* _Problem details_
For every line in the material, set down an identical one.

* _Material for this exercise_
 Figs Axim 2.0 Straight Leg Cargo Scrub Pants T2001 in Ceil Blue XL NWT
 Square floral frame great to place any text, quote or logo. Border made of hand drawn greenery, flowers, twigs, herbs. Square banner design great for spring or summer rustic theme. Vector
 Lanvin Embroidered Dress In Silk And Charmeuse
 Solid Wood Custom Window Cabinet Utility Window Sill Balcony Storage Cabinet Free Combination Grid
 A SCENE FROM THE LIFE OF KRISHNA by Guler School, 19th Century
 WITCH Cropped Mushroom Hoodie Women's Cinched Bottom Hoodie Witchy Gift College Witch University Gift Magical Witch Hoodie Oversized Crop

* _Task result_
 Figs Axim 2.0 Straight Leg Cargo Scrub Pants T2001 in Ceil Blue XL NWT
 Square floral frame great to place any text, quote or logo. Border made of hand drawn greenery, flowers, twigs, herbs. Square banner design great for spring or summer rustic theme. Vector
 Lanvin Embroidered Dress In Silk And Charmeuse
 Solid Wood Custom Window Cabinet Utility Window Sill Balcony Storage Cabinet Free Combination Grid
 A SCENE FROM THE LIFE OF KRISHNA by Guler School, 19th Century
 WITCH Cropped Mushroom Hoodie Women's Cinched Bottom Hoodie Witchy Gift College Witch University Gift Magical Witch Hoodie Oversized Crop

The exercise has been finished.